Гу-гу-гу!.. Ого-го!.. Ха-ха-ха!.. – разлетелось по лесу тихой летней ночью.
Две путние бабы, которые шли на богомолье и припозднились засветло дойти до села, испуганно перекрестились, им стало жутко, хотя они и подумали, что то закричал филин.
Но все лесные создания хорошо знали, что это кричит Черт Гепатий, который каждой пятницы прибегал в лес из соседнего большого болота, чтобы немного позабавиться в компании другой Невидимой Силы. Любил он пошутить, посмеяться, испугать человека. Когда же начинал рассказывать истории, то все только головами крутили. А старый степенный Лесовик, что все время нюхал вместо табака труху, потихоньку наклонялся к своему товарищу Водяному, незаметно поводил седой бровью и приговаривал:
- Слушай, слушай! Врет Бесов сын, как шелком шьет!..
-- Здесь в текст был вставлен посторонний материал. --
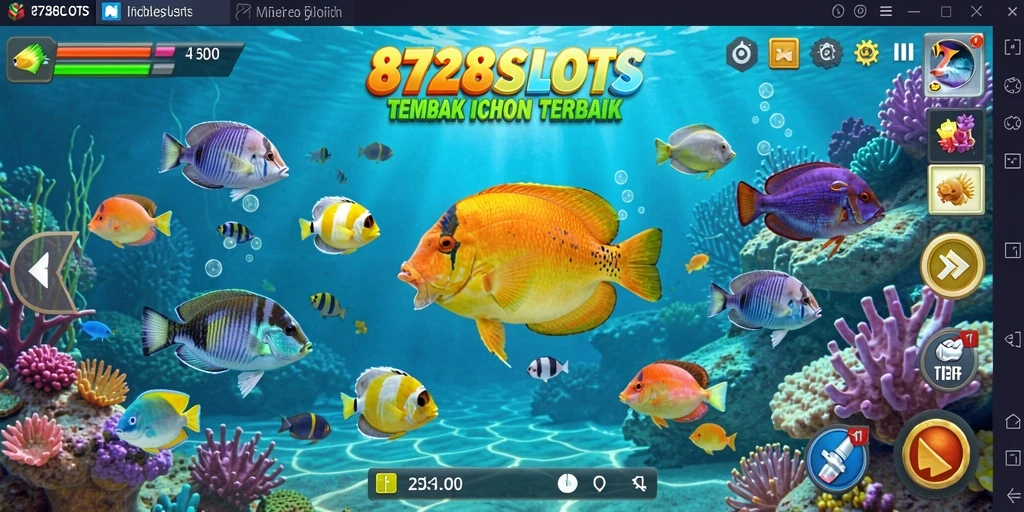 Gameplay dinamis 8728SLOTS menembak ikan dengan grafis menakjubkan.
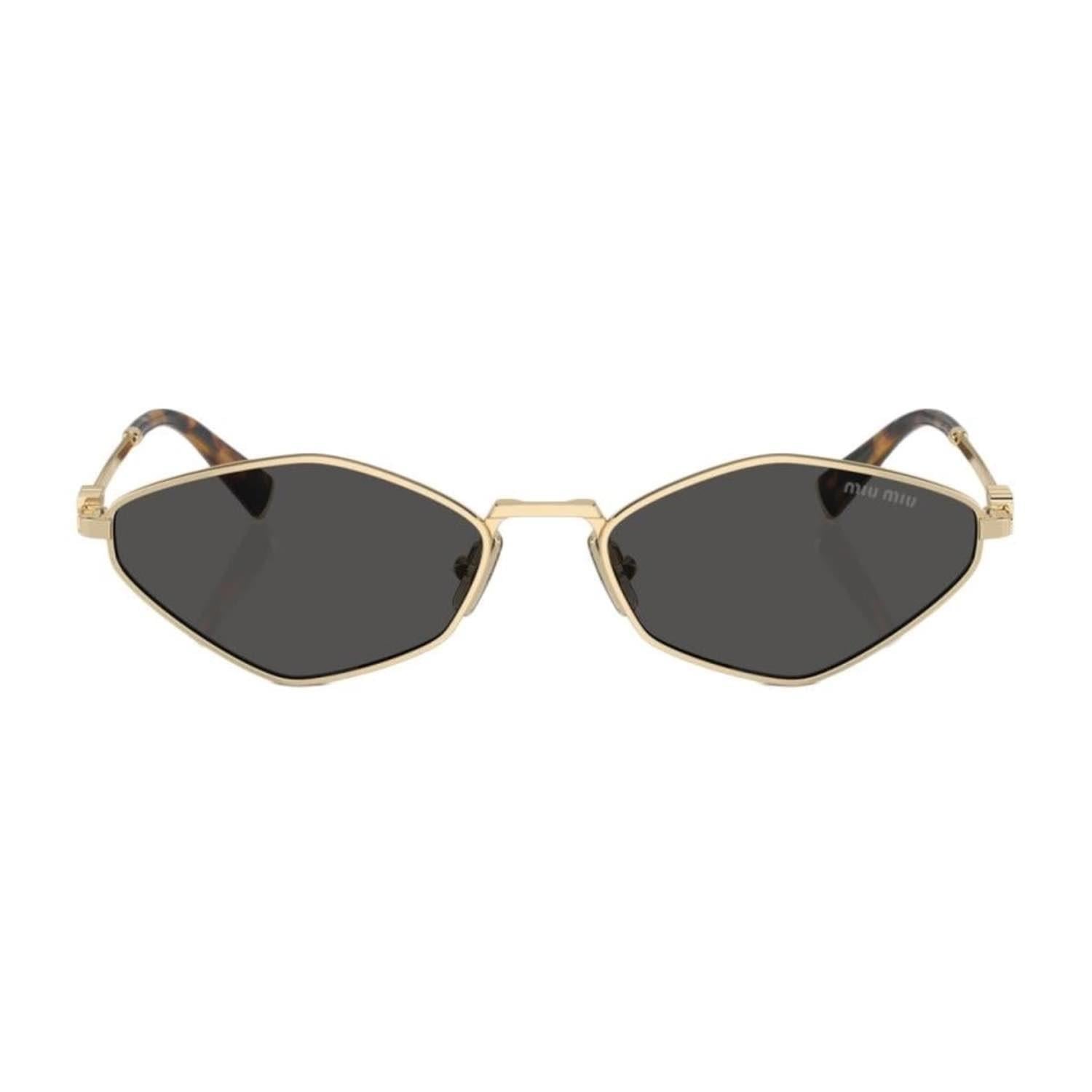Miu Miu 56ZS ZVN5S0 56 Kadın Geometrik Gold Metal Güneş Gözlüğü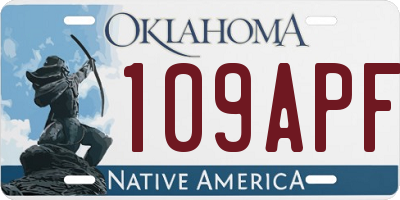 OK license plate 109APF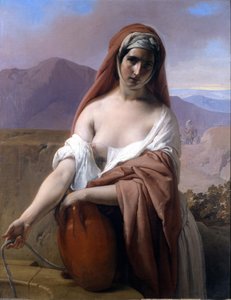 井戸のレベッカ。フランチェスコ・ハエズの絵画。アカデミア・ディ・ブレラ。ミラノ 作： Francesco Hayez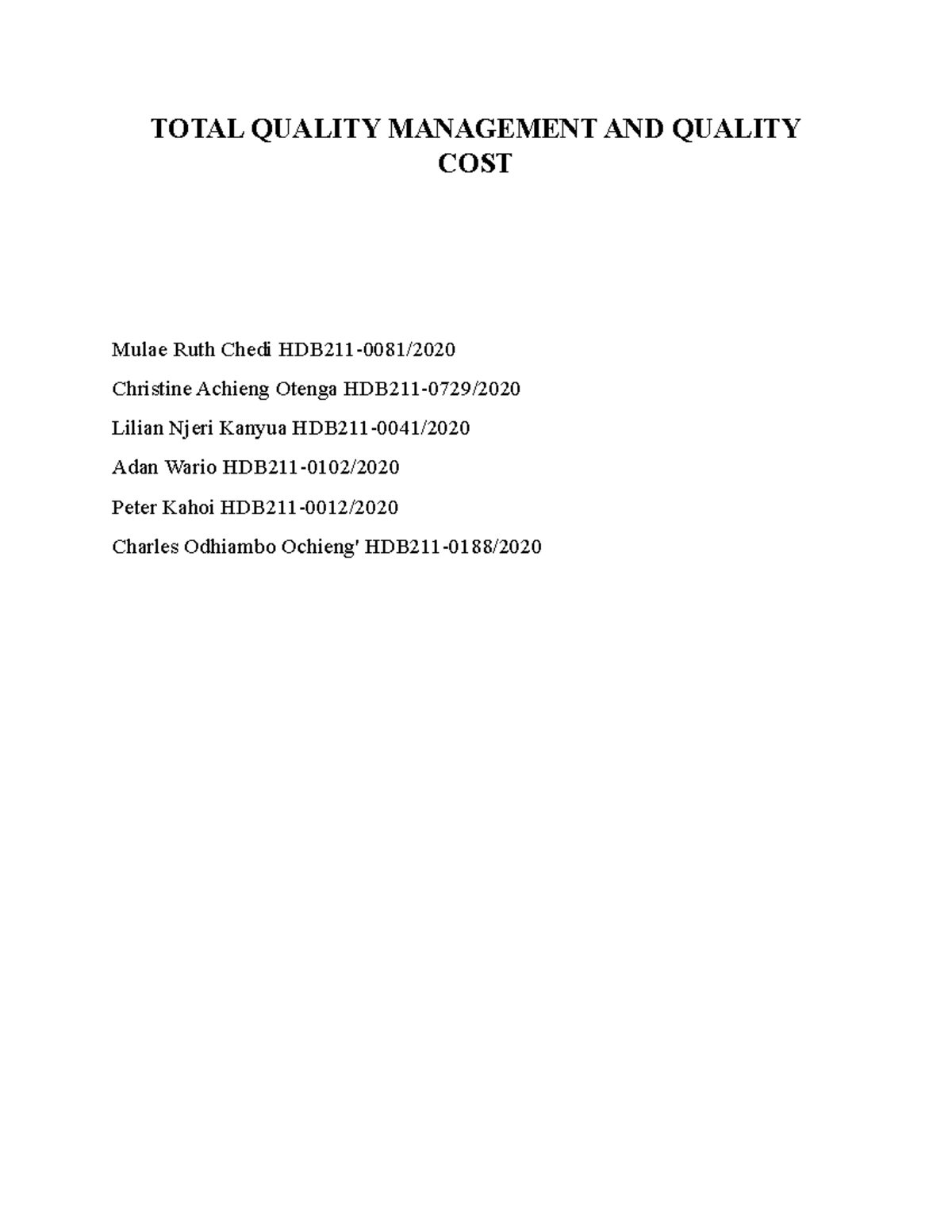 Total Quality Management AND Quality COST (2) (1)1 TOTAL QUALITY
Водяной довольно кряхтел, как лягушка-ропуха, сплевывал через губу и посасывал свою трубочку с камышовым чубуком.
А тем временем Черт очень мало врал. Был он правда большой хвастун, за что его отец Бес разгневался на него и послал в болото. Но перед тем Черт много повидал на своем веку. Вы ведь сами знаете, что Черт никогда не сидит долго на одном месте, а через определенное время получает назначение куда-нибудь, где и изменяет свое имя.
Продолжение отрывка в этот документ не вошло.